Jerry Brown dined with soda industry representatives ahead of tax ban deal
Weeks before negotiating a lucrative deal to ban new local taxes on soda and other sugary drinks in California for more than a decade, top representatives for the beverage industry met with Gov. Jerry Brown for a private dinner at the governor’s mansion.
Since it emerged over the weekend, public health advocates behind a growing movement to tax sugary drinks have decried the deal, which bans cities and counties from creating taxes on “groceries” through 2030, as a cynical ploy to protect the profits of soda companies. Some have pointed to the June 6 meeting with Brown as evidence of the beverage industry’s undue influence at the Capitol, where it has blocked bills to tax or put warning labels on sugary drinks for years.

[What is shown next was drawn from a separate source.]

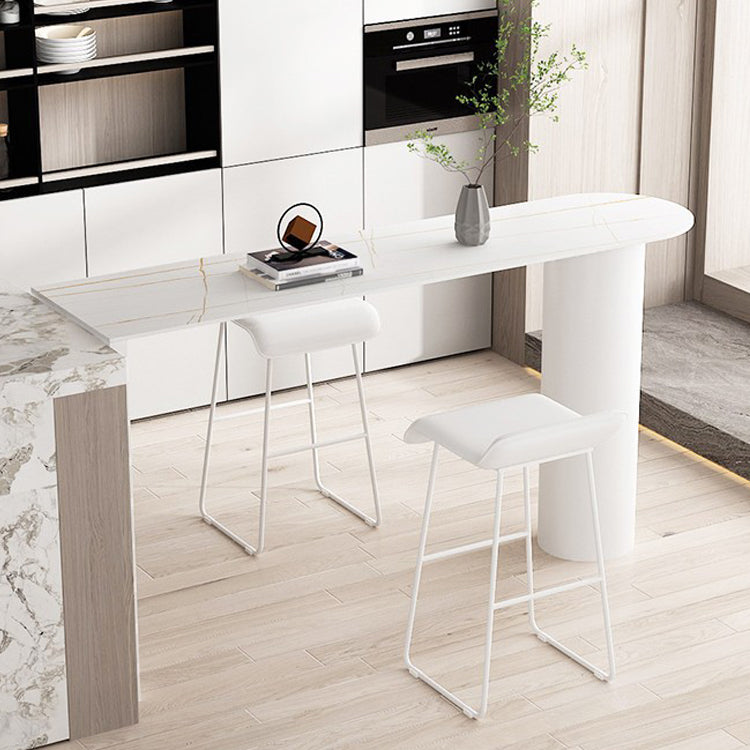 Stone Counter Table Metal Base 42-inch Height Contemporary Bar Table for Island Clearhalo 'Bar Furniture' 'Bar Tables' 'bar_tables' 'furn' 'furn_bar_tables' 'Furniture' 'furniture_bar_tables' 'Kitchen & Dining Furniture' 4976562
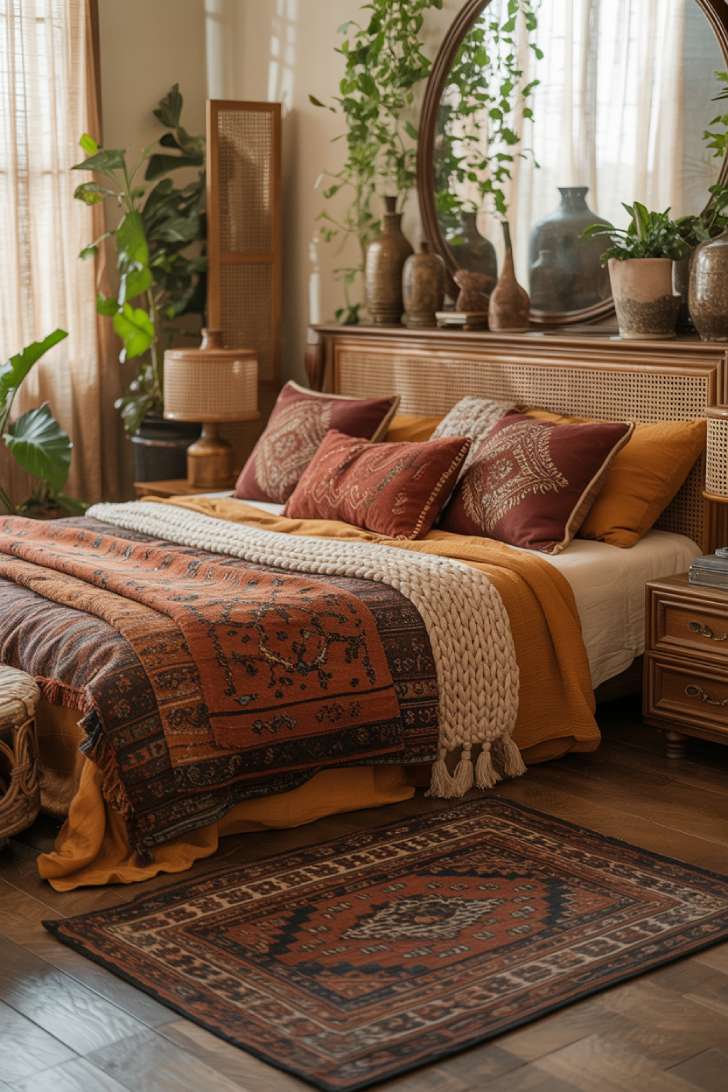 A bohemian bedroom with rattan headboard, chunky knit cream blanket, and embroidered throw pillows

In a photo taken at the governor’s mansion following the dinner and obtained by The Sacramento Bee, Brown and his wife, Anne Gust Brown, pose around a staircase with representatives from the beverage industry, including Kevin Keane, the American Beverage Association’s executive vice president of government and public affairs; Fredericka McGhee, who oversees its lobbying operations in California; Lupe De La Cruz, who manages Pepsi’s political activities in the western United States; and Nancy Limon, a Los Angeles-based director of public affairs for Coca-Cola. The photographer and others in the photograph remain unidentified.
“Here we have a great example of how special interests rule the day,” said Larry Tramutola, a political strategist who worked on successful soda tax campaigns in Berkeley, San Francisco and Oakland over the past two election cycles.
Tramutola noted that public health groups that support the taxes had not received a similar invitation to the governor’s mansion. He called the deal “slimy, despicable politics, no matter who’s involved with it.”
Both the Governor’s Office and the American Beverage Association said their meeting had nothing to do with the deal, which was negotiated with organized labor to remove from the November ballot an initiative, primarily funded by soda companies, that would make it harder to raise state and local taxes.
“Discussions on this legislative proposal started only a few days ago and came together over the weekend between the two sides,” the American Beverage Association said in a statement. “The proposal had nothing to do with the dinner.”
Brown spokesman Evan Westrup wrote in an email that the “deal was not negotiated by the governor and the meeting you reference was not related,” but declined to answer further questions about the reason for the dinner and whether Brown supports the soda tax moratorium.